This document contains some guidelines for developing tatami libraries. I made this up as I went along so not all libraries are fully compliant, though I try my best to update things to meet these (shifting) standards.
Types should be named with PascalCase
.
Variables and functions should be named with snake_case
.
Template parameters should have a trailing underscore to distinguish them from non-template parameters. This occurs regardless of whether a template parameter is a type.
Classes should not have any public members.
Access to members should be granted via getters or setters.
All members should be prefixed by my_
to avoid confusion with arguments in the constructor and initialization list.
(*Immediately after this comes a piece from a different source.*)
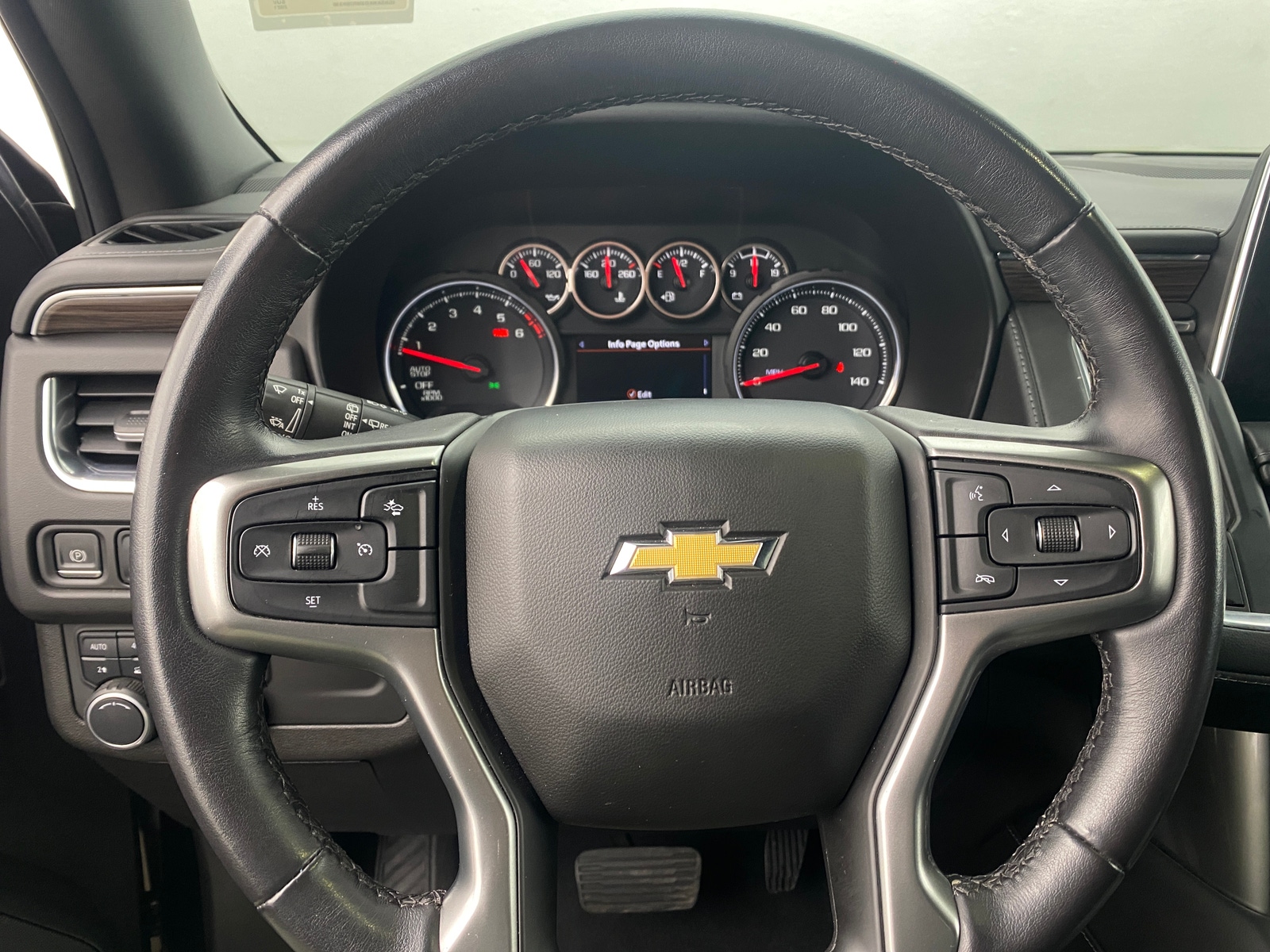 Thumbnail: 2021 Chevrolet Tahoe - 4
Structs should have public members only, with no private members or methods. These are treated as passive data carriers with no additional functionality. A non-default constructor is allowed, though.
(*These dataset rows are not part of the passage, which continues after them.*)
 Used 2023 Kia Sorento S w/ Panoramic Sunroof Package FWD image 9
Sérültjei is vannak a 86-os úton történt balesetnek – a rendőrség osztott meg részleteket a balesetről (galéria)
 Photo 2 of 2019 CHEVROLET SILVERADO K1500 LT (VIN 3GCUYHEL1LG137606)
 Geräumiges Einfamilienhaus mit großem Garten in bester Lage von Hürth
(Some of these ideas were taken from Google's C++ style guide.)
Two-dimensional accesses typically involve the following pattern, e.g., for row-major matrices:
ptr[r * nc + c]; // gets matrix entry (r, c)
If the integer type (typically promoted to int
) is not large enough to hold the product, our code will be incorrect due to the overflow.
Developers should coerce all operands to size_t
before any arithmetic to ensure that no overflow occurs.
Merely constructing (not dereferencing!) of a pointer beyond one-past-the-end of an array is undefined behavior. Such a pointer can be inadvertently constructed when performing strided access in the middle of the matrix. For example, given a row-major matrix:
int col = 5;
auto adj_ptr = ptr + col;
for (int r = 0; r < nr; ++r) {
row_contents[r] = *adj_ptr;
adj_ptr += nc;
}
After the last iteration, adj_ptr
will be equal to ptr + nr * nc + col
, which is not valid.
Developers should instead use offsets in the loop body to ensure that an invalid pointer is never constructed.
int col = 5;
size_t offset = col; // Make sure it's size_t to avoid overflow!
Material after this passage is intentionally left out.